Every line below needs to be printed again exactly, without any of its pictures.

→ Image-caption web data

══════════════════════════════

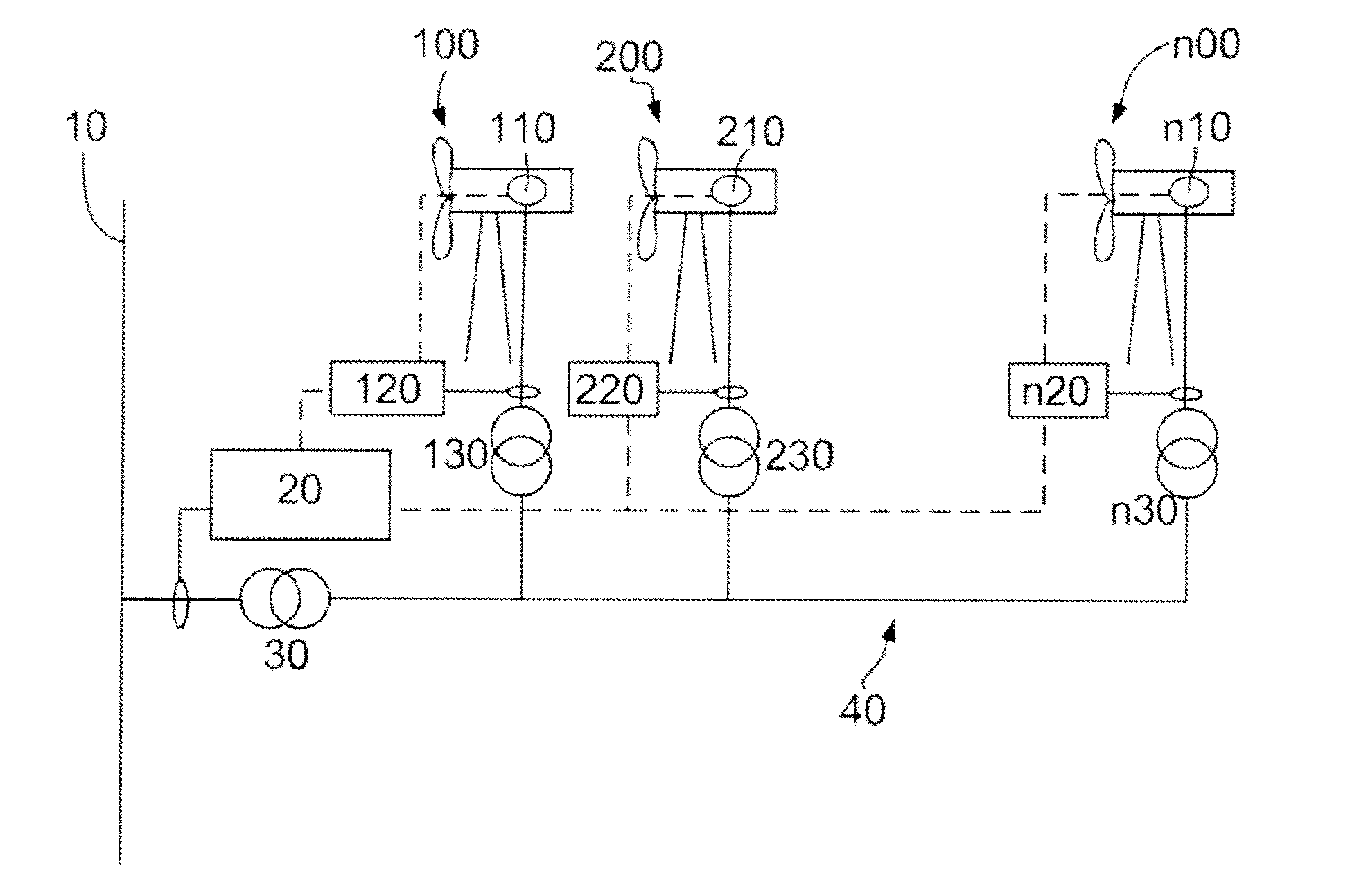 Reactive Power Regulation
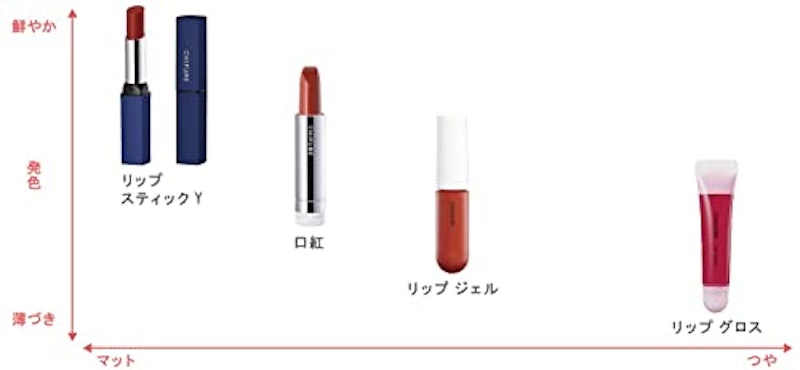 リップスティック Y 6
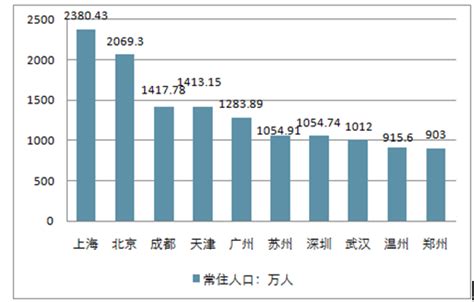 上海市第七次全国人口普查主要数据情况公布：常住人口为24870895人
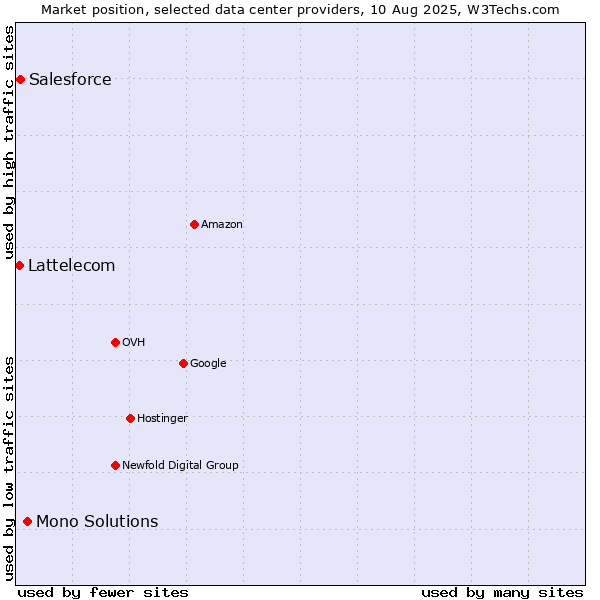 Market position of Mono Solutions vs. Salesforce vs. Lattelecom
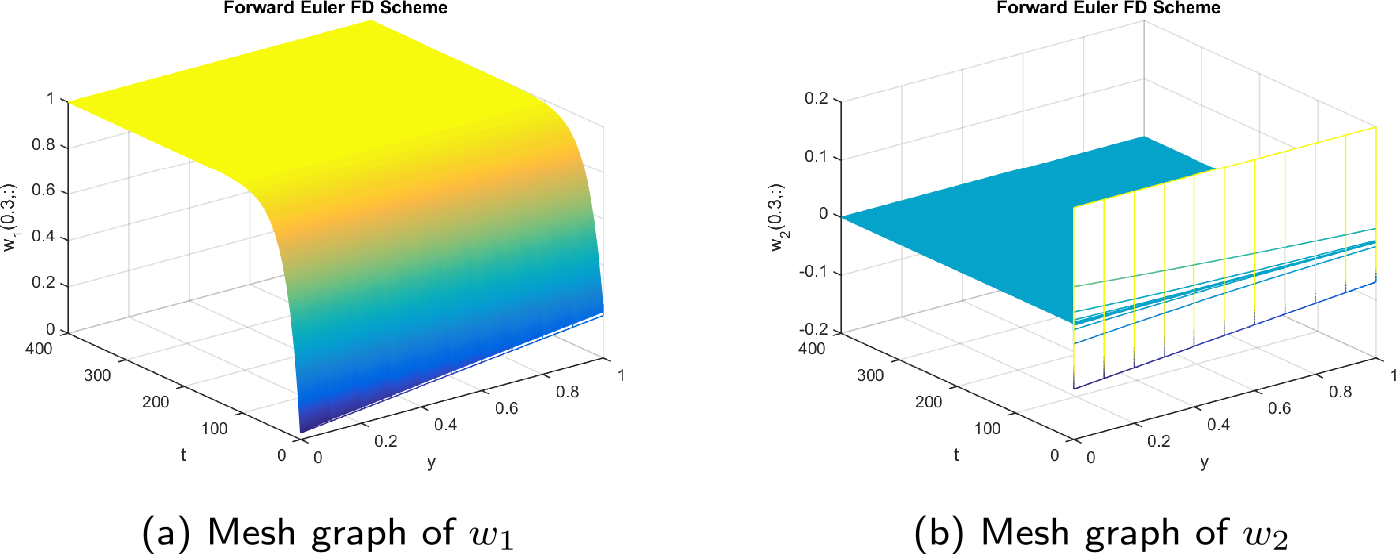 Figure 13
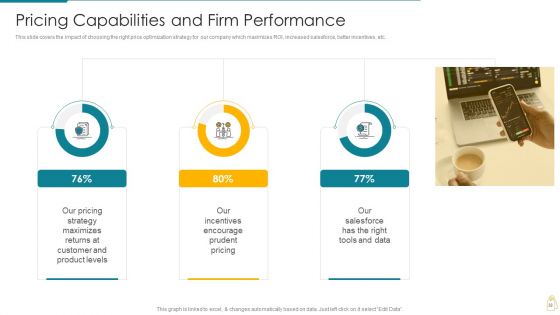 Cost And Income Optimization Ppt PowerPoint Presentation Complete Deck With Slides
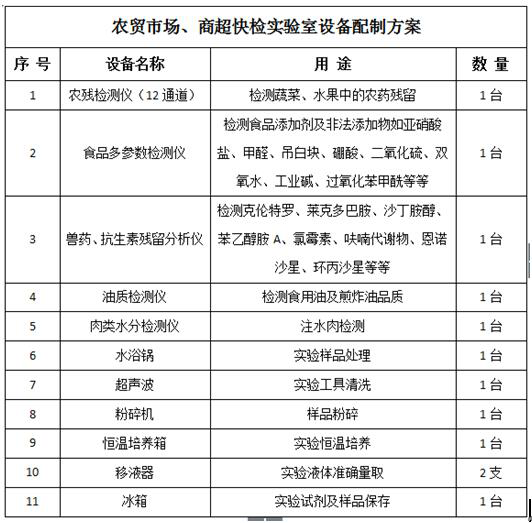 農(nóng)貿(mào)市場、商超快檢實(shí)驗(yàn)室建設(shè)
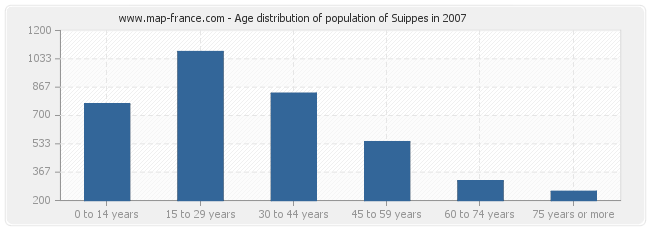 Age distribution of population of Suippes in 2007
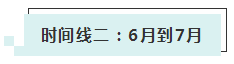跨專業+大齡+寶媽+在職 淺談注會如何一年過5科！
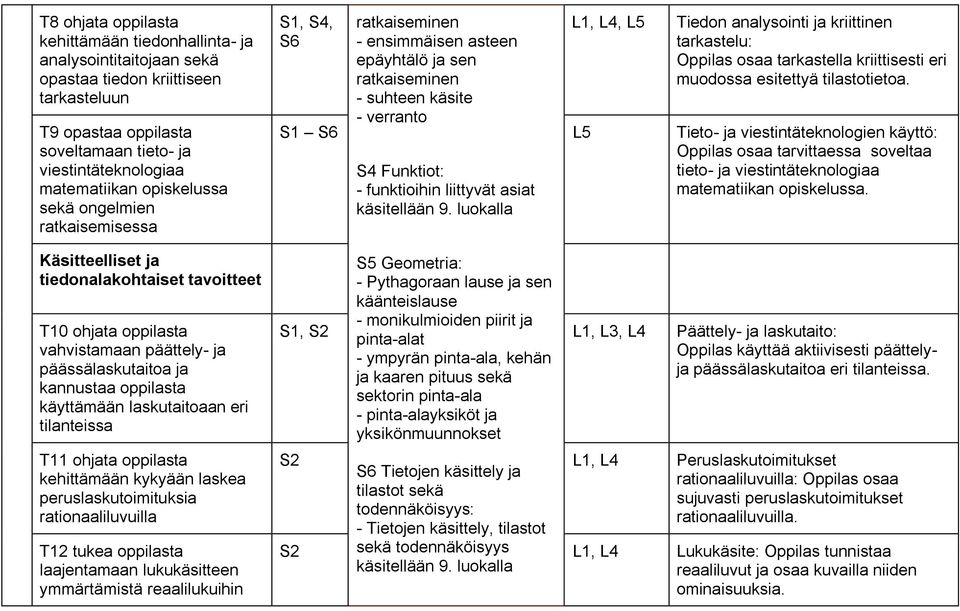 laskutaitoaan eri tilanteissa T11 ohjata oppilasta kehittämään kykyään laskea peruslaskutoimituksia rationaaliluvuilla T12 tukea oppilasta laajentamaan lukukäsitteen ymmärtämistä reaalilukuihin S1,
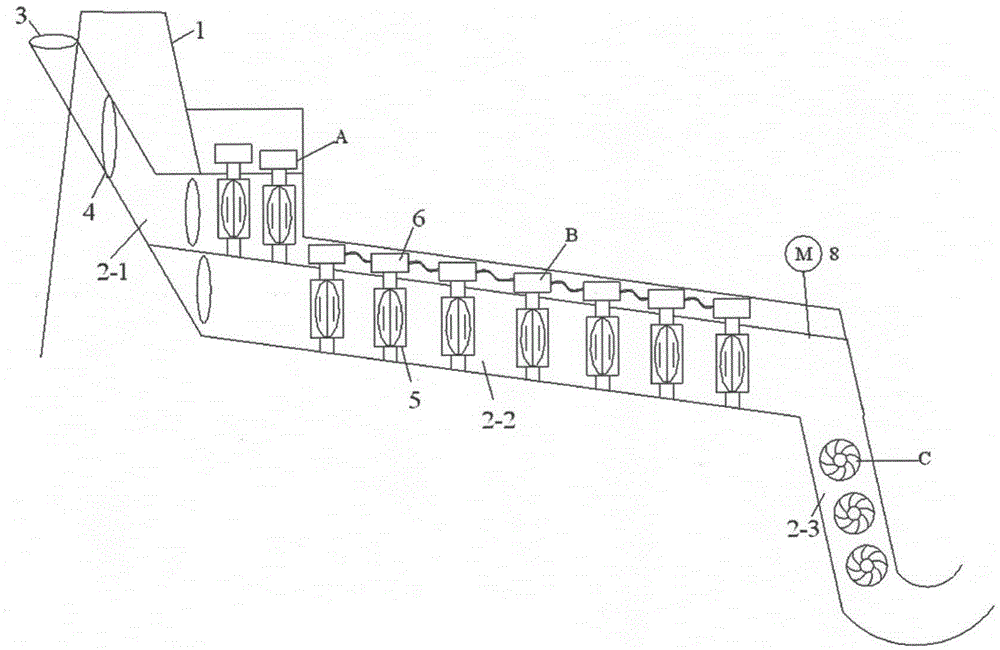 Comprehensive hydraulic power generation system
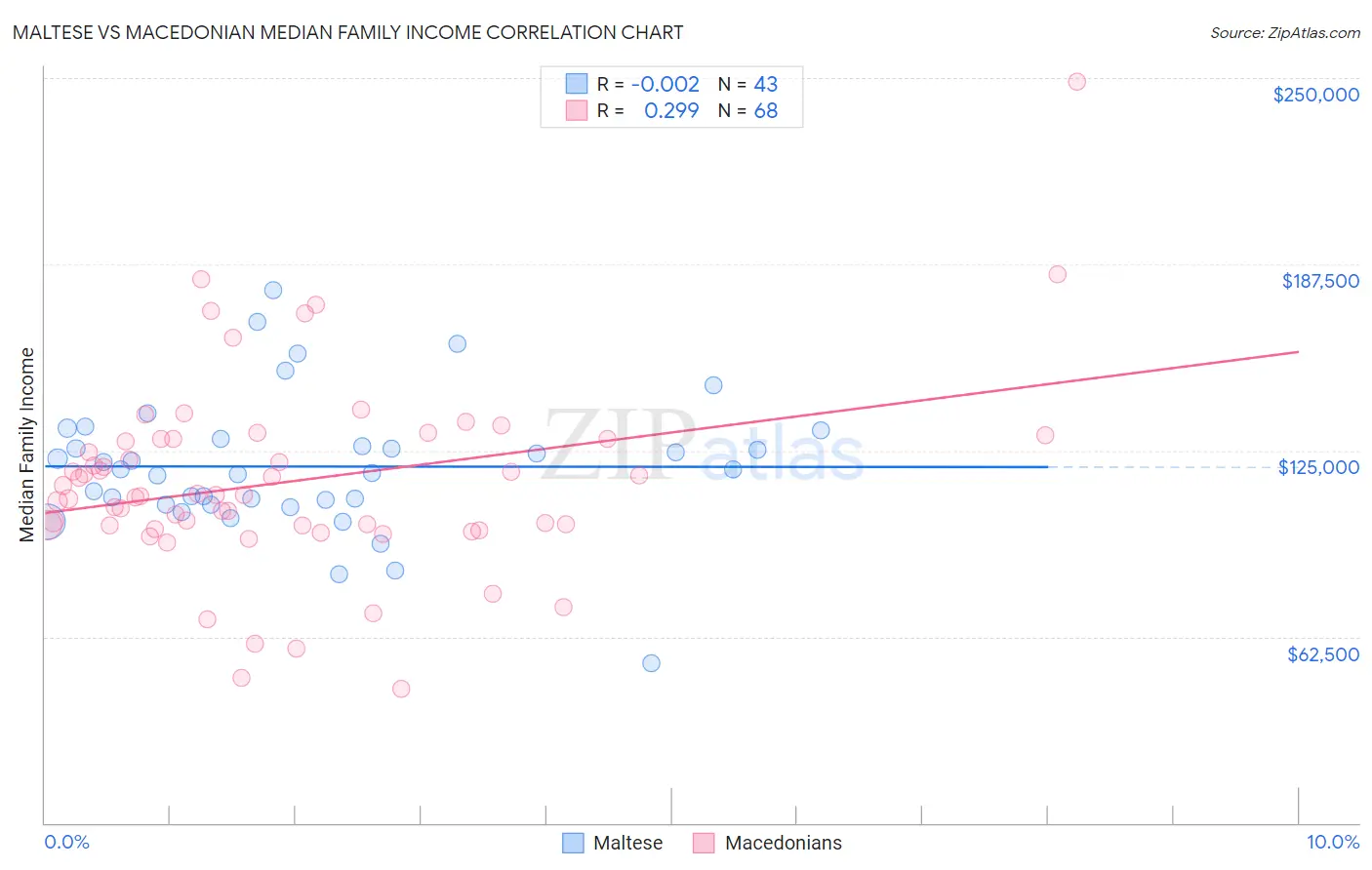 Maltese vs Macedonian Median Family Income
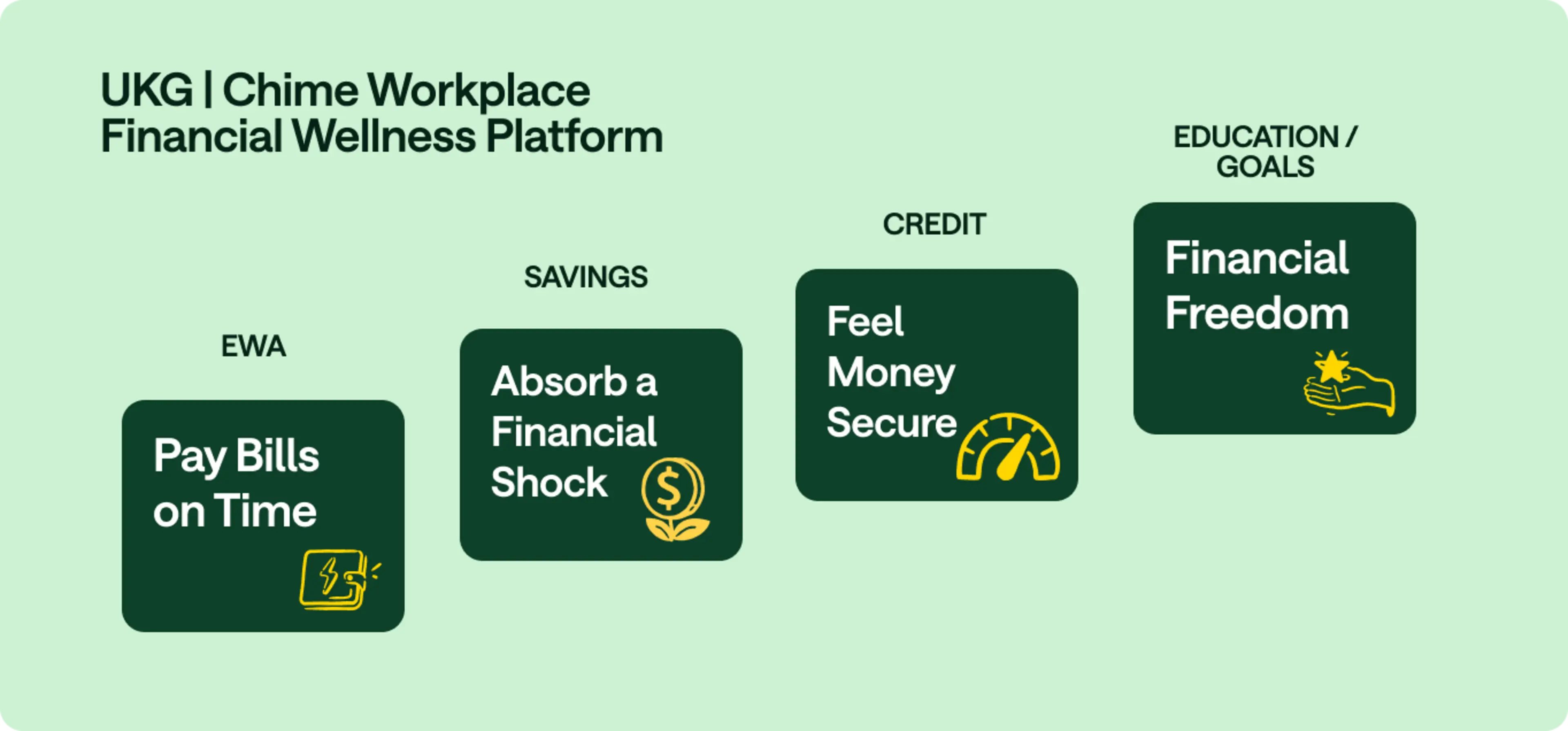 Chime Workplace brings together all the essential financial tools employees need in a single, no-cost app.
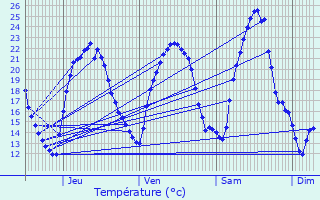 Graphique des tempratures prvues pour Hoenheim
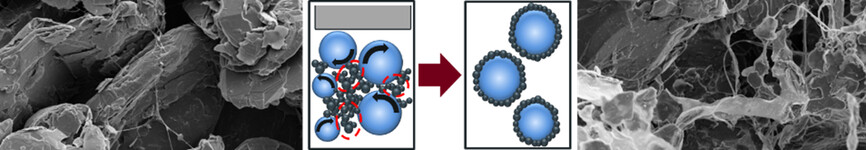 Modifying the Network Structures of High Energy Anodes for Lithium-Ion Batteries through Intensive Dry Mixing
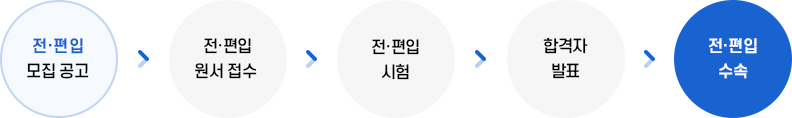 전편입절차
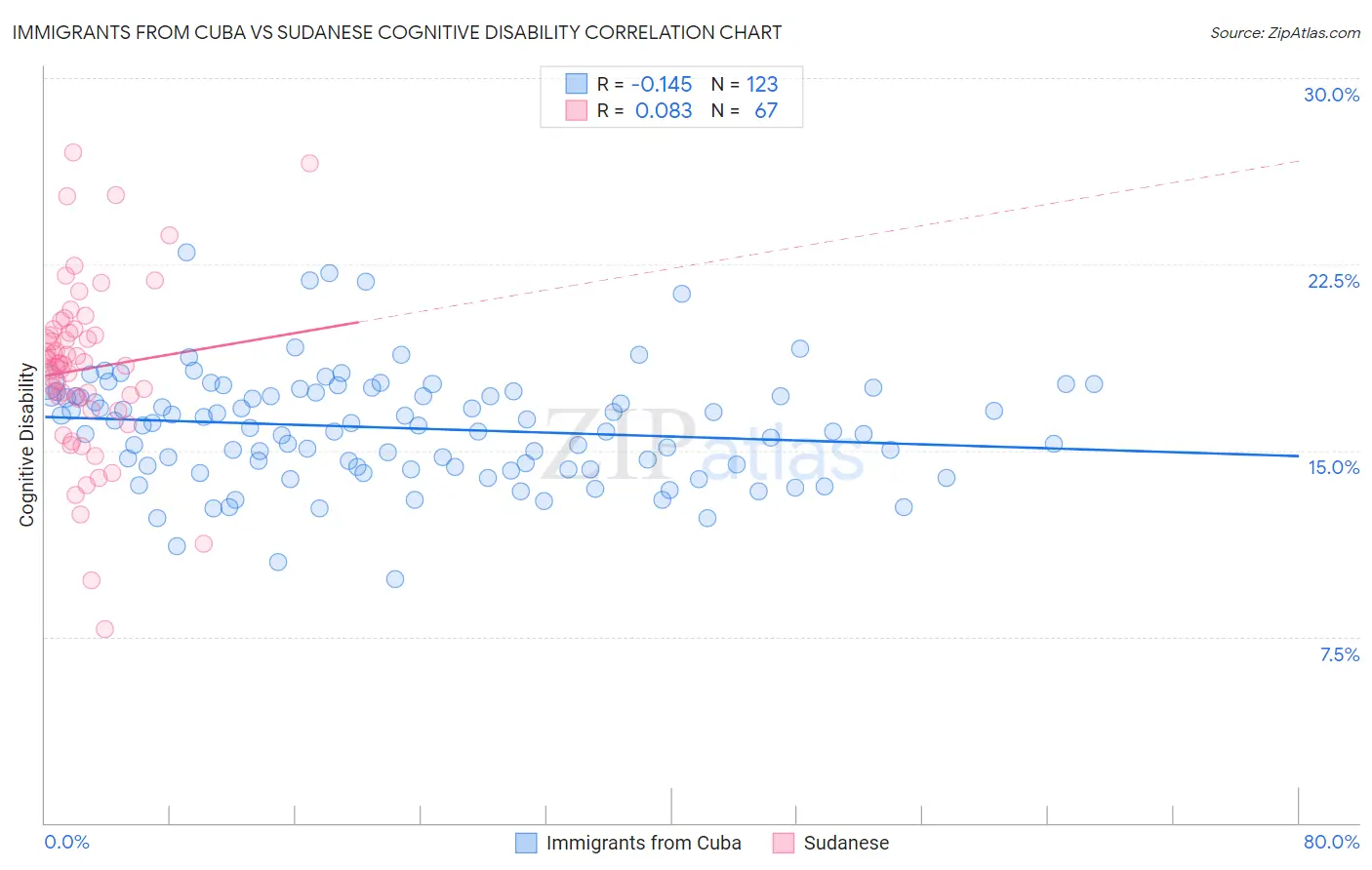 Immigrants from Cuba vs Sudanese Cognitive Disability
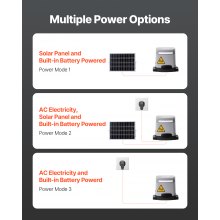 VEVOR Abridor de Puerta Corrediza con Energía Solar 280 W Control Remoto 8 m/min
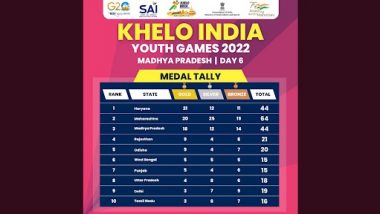 Khelo India Youth Games Medal Tally: দেখে নিন খেলো ইন্ডিয়া ইউথ গেমসের ষষ্ঠ দিনের শেষে কোন রাজ্য জিতল কতগুলি পদক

══════════════════════════════

→ Exercise answer
 Reactive Power Regulation
 リップスティック Y 6
 上海市第七次全国人口普查主要数据情况公布：常住人口为24870895人
 Market position of Mono Solutions vs. Salesforce vs. Lattelecom
 Figure 13
 Cost And Income Optimization Ppt PowerPoint Presentation Complete Deck With Slides
 農(nóng)貿(mào)市場、商超快檢實(shí)驗(yàn)室建設(shè)
 Age distribution of population of Suippes in 2007
跨專業+大齡+寶媽+在職 淺談注會如何一年過5科！
 laskutaitoaan eri tilanteissa T11 ohjata oppilasta kehittämään kykyään laskea peruslaskutoimituksia rationaaliluvuilla T12 tukea oppilasta laajentamaan lukukäsitteen ymmärtämistä reaalilukuihin S1,
 Comprehensive hydraulic power generation system
 Maltese vs Macedonian Median Family Income
 Chime Workplace brings together all the essential financial tools employees need in a single, no-cost app.
 Graphique des tempratures prvues pour Hoenheim
 Modifying the Network Structures of High Energy Anodes for Lithium-Ion Batteries through Intensive Dry Mixing
 전편입절차
 Immigrants from Cuba vs Sudanese Cognitive Disability
 VEVOR Abridor de Puerta Corrediza con Energía Solar 280 W Control Remoto 8 m/min
 Khelo India Youth Games Medal Tally: দেখে নিন খেলো ইন্ডিয়া ইউথ গেমসের ষষ্ঠ দিনের শেষে কোন রাজ্য জিতল কতগুলি পদক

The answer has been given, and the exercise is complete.